"101 Rules of True Satanism"
1. Own all books written by Anton LaVey
2. Quote Nietzsche obsessively, but own none of his books.
3. Come up with long, evil sounding nick names like the grand high exalted daemon magister templi rex of the third degree
4. Whenever greeting other Satanists, the only acceptable greeting is Ave.
5. When feeling especially Satanic say Ave Satanas.
6. Pretend Ave Satanas is appropriate Latin.
7. Use Latin as much as possible. It is the Dark Lord's chosen language.
8. Come up with evil sounding screen names for message boards, like goatlord666, infernalbelial9, and Crucifier.
9. End all screen names with 666.
10. If you can't come up with an evil enough sounding screen name placing Lord in front of your own name is acceptable.
11. Own all of Crowley's books and read exactly none of them.
12. Form an online Satanic org with you and your friends and declare yourself the high priest.
13. Give your org a hellish sounding name like The Temple of Unholy Sacrilege, The Evil Church of Satanic Divinity, or, if the name you want is taken, The FIRST Evil Church of Satanic Divinity.
14. Offer members of your org an evil looking certificate or card.

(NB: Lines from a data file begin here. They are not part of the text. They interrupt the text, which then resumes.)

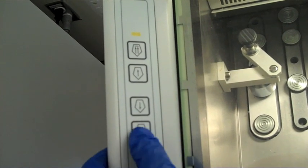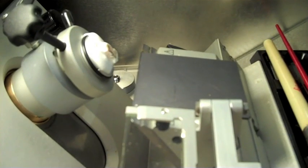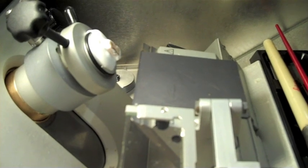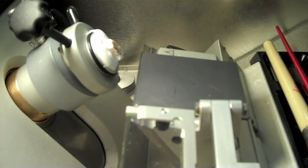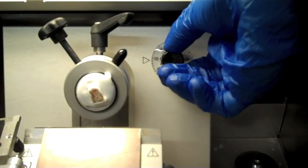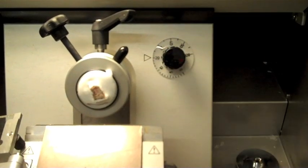Use the arrow buttons on the left control panel to bring the specimen closer to the blade. You will start sectioning by rough facing. Set the thickness of your slides to 20 microns.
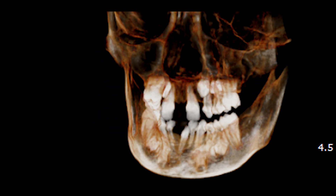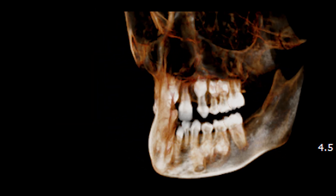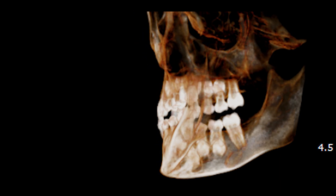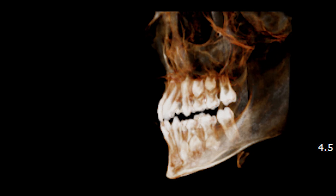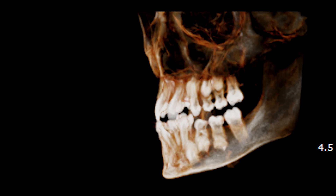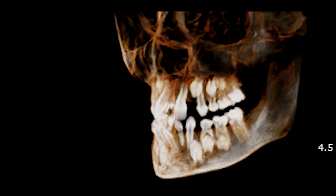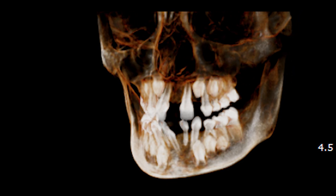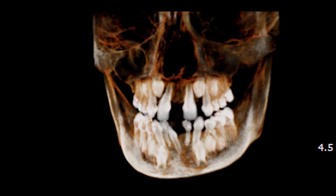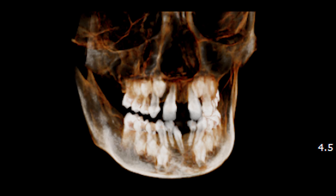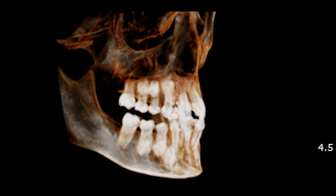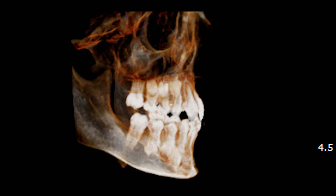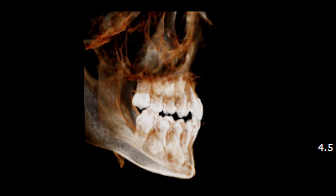Here is an example of a CBCT scan of a patient with ectodermal dysplasia. This 3D rendering shows multiple missing teeth of both jaws. Thank you very much, and I'll see you again in a different video.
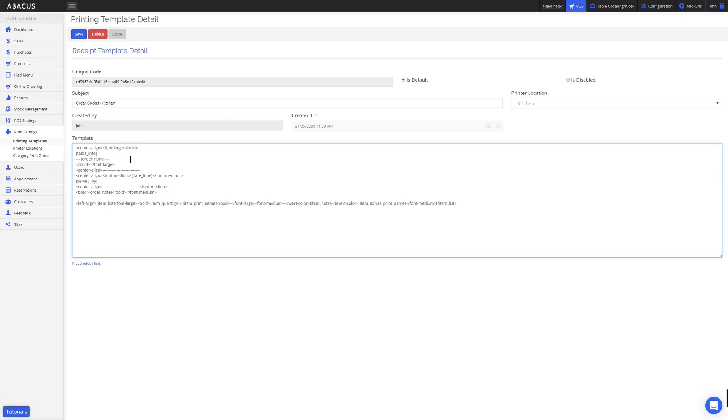Now that I've finished customizing my template, I'll click save. Now I'll do a master sync on the POS and print out another order docket and show you the difference from the original.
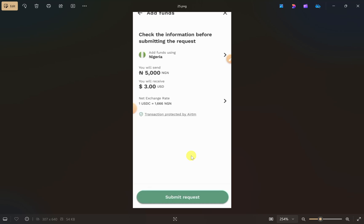As soon as you click Submit, your money will be transferred from your PayPal to your Airtm app. I hope this video was helpful — please like this video and subscribe to my channel.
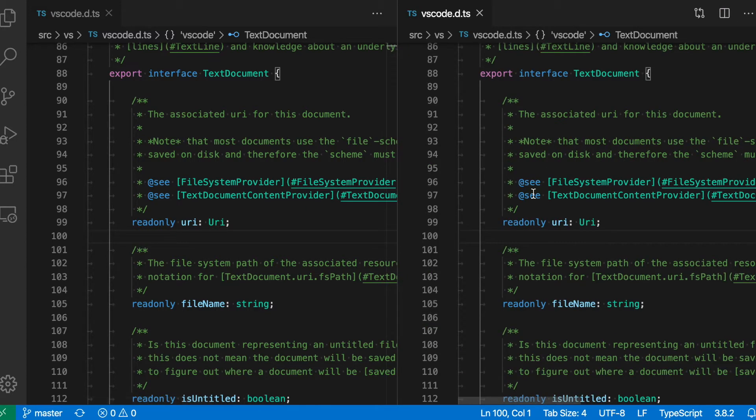And now VS Code has opened a second editor in the right editor group, and the original editor is opened over here.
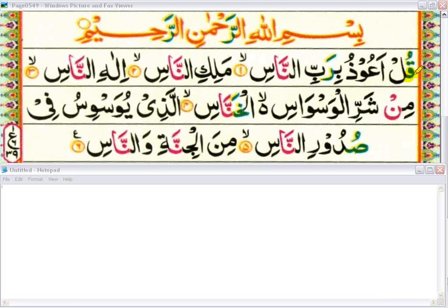Qul a'udhu — here is a waw madda. What is waw madda? When there is a waw sakin and the letter before the waw sakin has a dammah on it, like this one, then waw will be waw madda. When waw madda appears, we must prolong it. This ra has fathah on it, so whenever ra has fathah it will be bold.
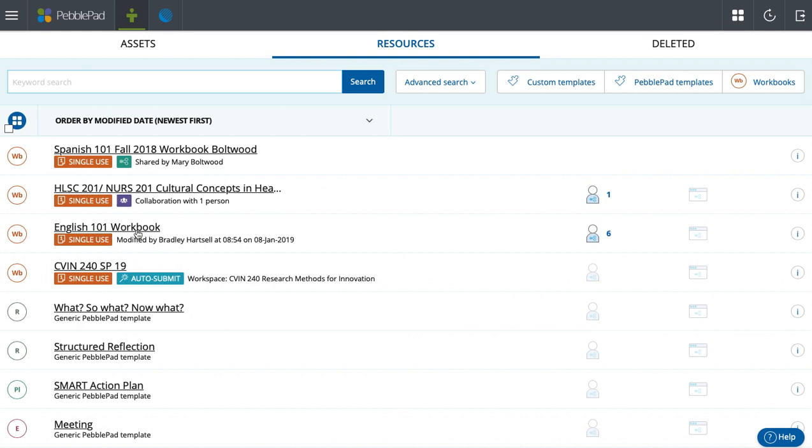And here's the English 101 workbook. I'll show you this one in the next video to demonstrate all the different things that you can do inside of PebblePad with the workbook.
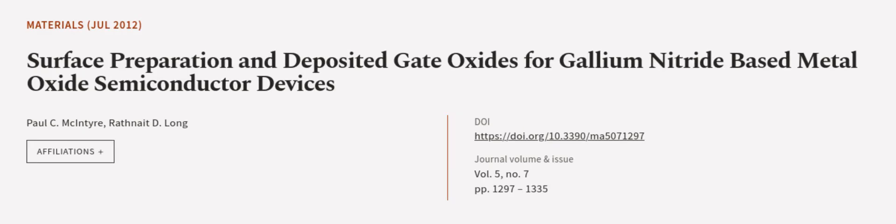This article was authored by Paul C. McIntyre and Raihne D. Long. We are article.tv, links in the description below.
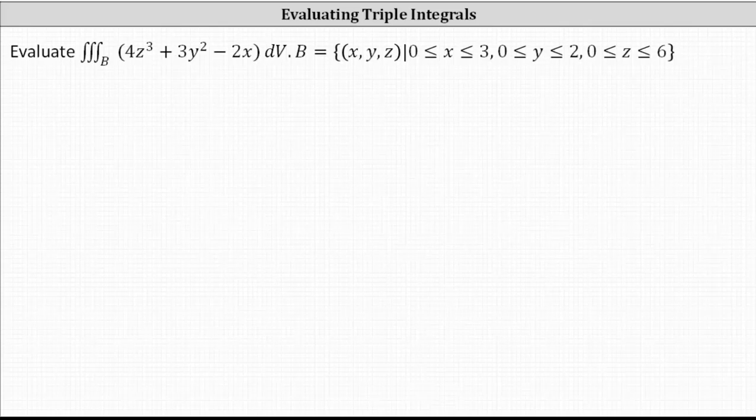Evaluate the triple integral over the region B of four Z cubed plus three Y squared minus two X, DV, where the region B is defined as: X is on the closed interval from zero to three, Y is on the closed interval from zero to two, and Z is on the closed interval from zero to six.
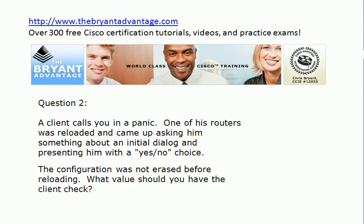In the scenario described, this is pointing toward the configuration register. What can happen is someone performs a password recovery, which involves changing the config register twice — once to ignore NVRAM contents, and then at the very end of the procedure you should change it back to not ignore NVRAM and then reload. But that final step gets left out by some people, so the config register is left at a value that will ignore the non-volatile RAM as it boots. That's what happened here, because when you get prompted to go into setup mode.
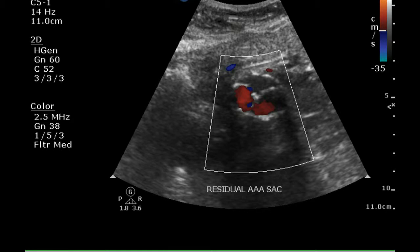At this portion of the transverse scan, we can see the right and left limbs of the endograft, and they are filled with color, indicating they are not obstructed. There is no color Doppler flow in the area around the limbs.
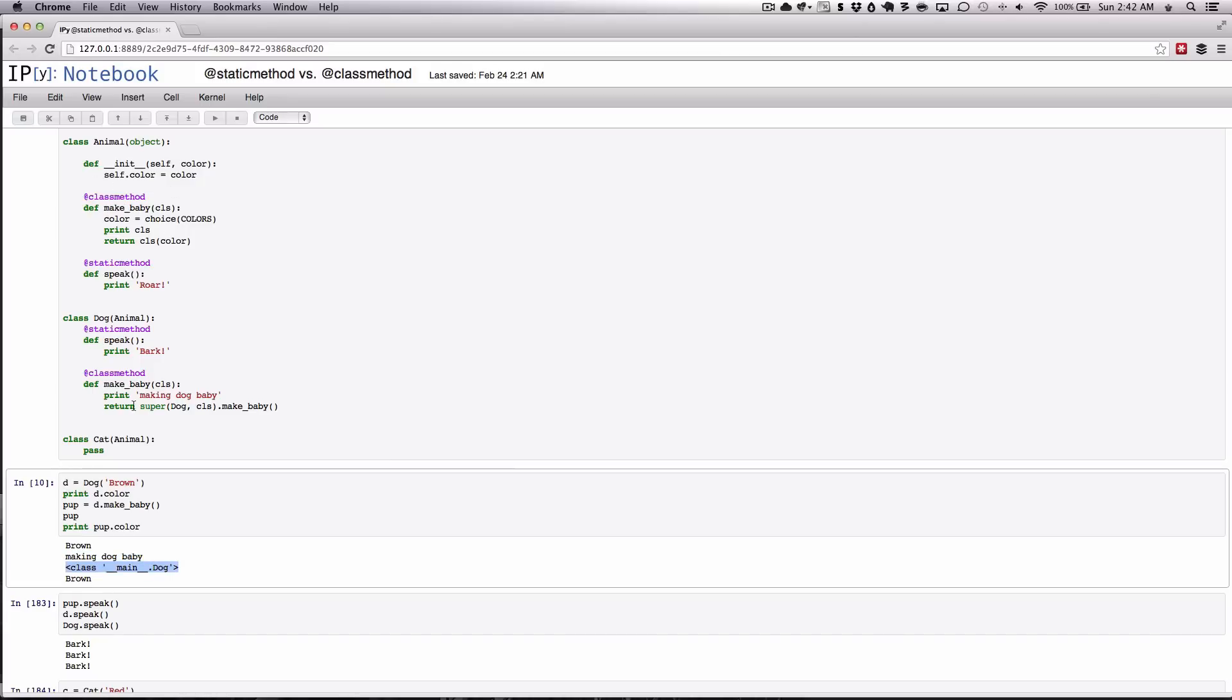Now this is an idiom that you may see in init methods, where you wanna do some special behavior and then call your super class to finish doing whatever you're doing. The same can be done with class methods.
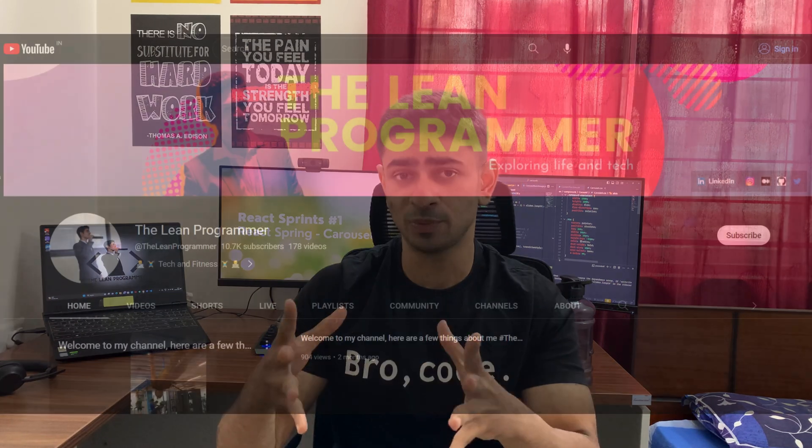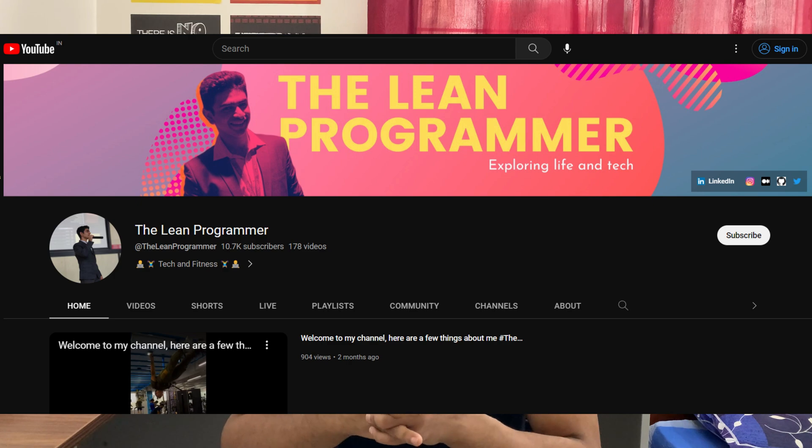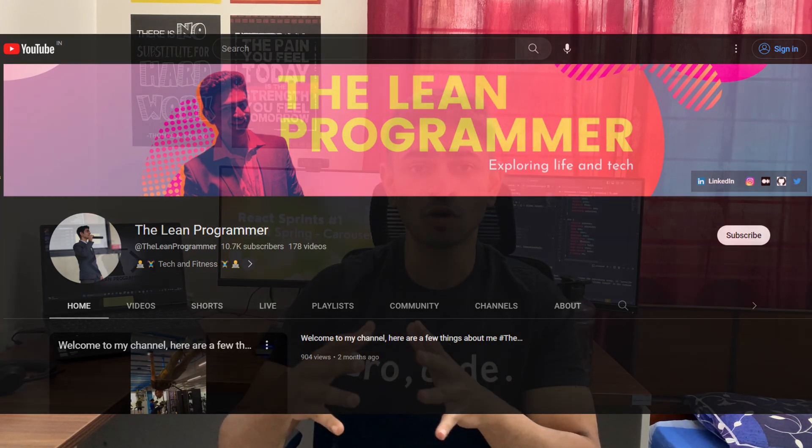With this video you can now go to my YouTube channel — youtube.com/TheLeanProgrammer — and check the first playlist, the first part of the React Sprints series. All the parts and all the playlists will be completely independent.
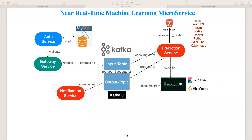Welcome back. In this video we are going to talk about how to implement a near real-time machine learning microservice, and we're going to be using a lot of tools like S3 bucket, Kafka, Docker, Python, Minikube, and Kubernetes. If you look at the screen, this is the architecture of what we are going to build.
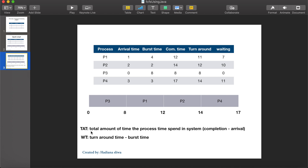Turnaround time is the total amount of time a process spends in the system, and it's equal to completion time minus arrival time. Waiting time is the amount of time the process waits. For example, the waiting time of P1 is 7, because it starts at 8 but its arrival time is 1, so 8 minus 1 equals 7. In other words, waiting time equals turnaround time minus burst time.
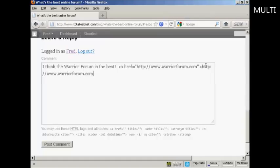And then I'm going to close the tag, do the left arrow, slash, a, then right arrow. Now obviously the Warrior Forum isn't my website, but if I was looking to build my own website's link popularity, I would find a relevant comment to place on a blog and do this, but with my own website's URL in there.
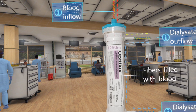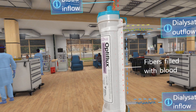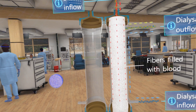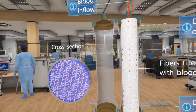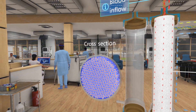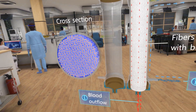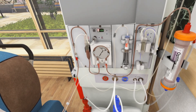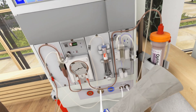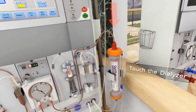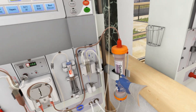At first glance, the dialyzer looks like a simple component of the dialysis machine, but appearances can be deceiving. Please touch the dialyzer connected to the machine and you'll go inside it.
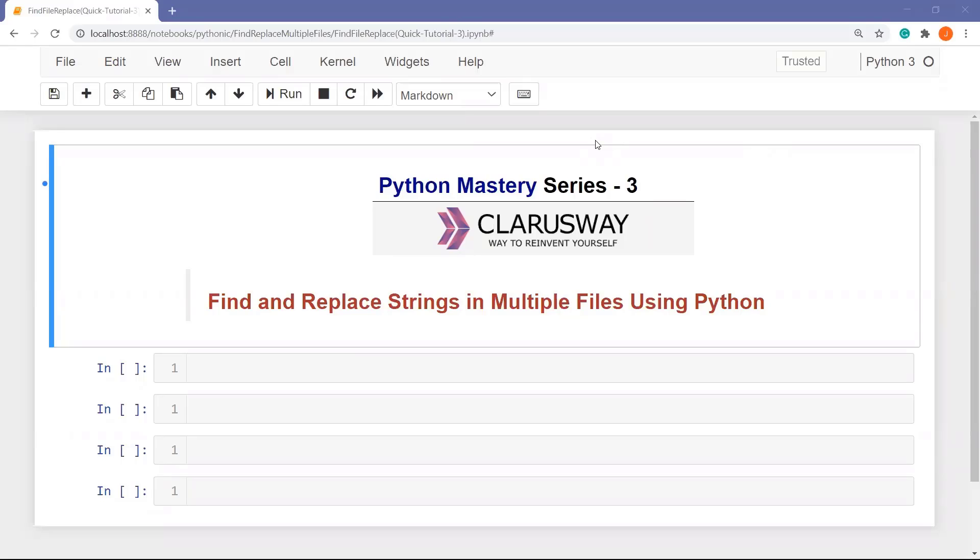Hello, this is Joseph Simitsen. Welcome to my Python Mastery Series. I am instructor and content creator at ClarusWay. In this video, you will be learning how we find and replace strings in multiple files using Python.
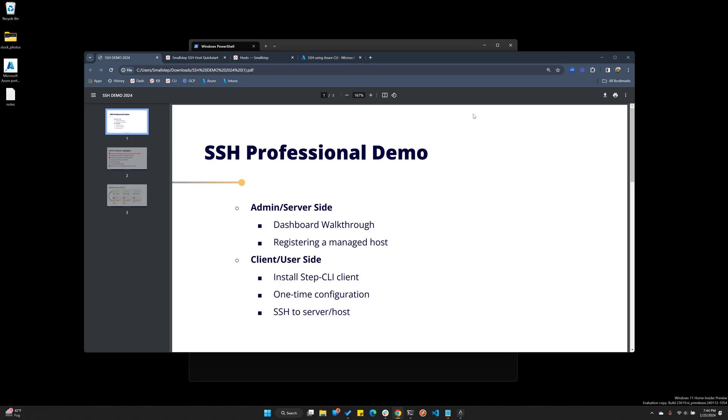Hi, this is Andy with SmallStep here to provide you with a SmallStep SSH Professional demo. I'm going to show you both sides of the coin today, so you're going to see the server side as well as the client side, but I've got a couple features we'll highlight here first.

15. Update your org's site once a year- no exceptions!
16. Turn all crosses you see up side down.
17. Make inverted crosses out of random objects.
18. Draw inverted pentagrams on your spiral notebook in math class.
19. Wear all black, all the time!
20. Paint your fingernails black, and don't repaint them until it has all worn off.
21. If your parents let you, paint your room black.
22. Make a Satanic alter using your dresser.
23. Carry your Satanic Bible everywhere you go.
24. Stand up for originality and individualism, but look like every other Satanist.
25. Wear outrageous looking clothes, and then complain when other students make fun of you.
26. Wear Halloween cloaks and capes as your ritual attire.
27. Listen to heavy metal.
28. Make the sign of the horns and bang your head while listening to heavy metal.
29. Make the sign of the horns while looking in the mirror to remind yourself of just how evil you are.
30. Never smile for pictures, and make the sign of the horns.
31. Complain about real world actions with Satanism but spend all day on message boards.
32. Leave your Halloween decorations up year round.
33. Celebrate all Satanic holidays even if you don't know what they are for.
34. Get excited every time your sales receipt comes out to $6.66.
35. Instead of saying oh my god, say oh my Satan.
36. Repeat the Lord's Prayer backwards six times every night before bed.
37. Make long boring posts on message boards that don't go anywhere.
38. Your signature should contain at least six lines not including Hail Satan.
39. Join every online org you come across.
40. Join every e-group and message board you can, post at each one approximately twice.
41. Create your own message board, and only allow your friends access.
42. Make your own Satanic website by ripping off everyone else's.
43. Declare yourself a Modern Satanist, wait a week, declare yourself a traditional Satanist, then revert back to Modern Satanism.
44. When anyone asks you what the difference between traditional and modern Satanism is, simply say: We are all sons of the Dark Lord.
45. Tell all your friends that you follow the Left Hand Path. When asked what that means just stare at them blankly.
46. If it's a dark sounding religion or path, it must be linked to Satanism. Examples include: Vampyrism, Demonolatry, and Chaos Magic.
47. Always spell vampire with a "Y".
48. Name your pets after the Infernal Names.
49. Hang out in cemeteries after dark.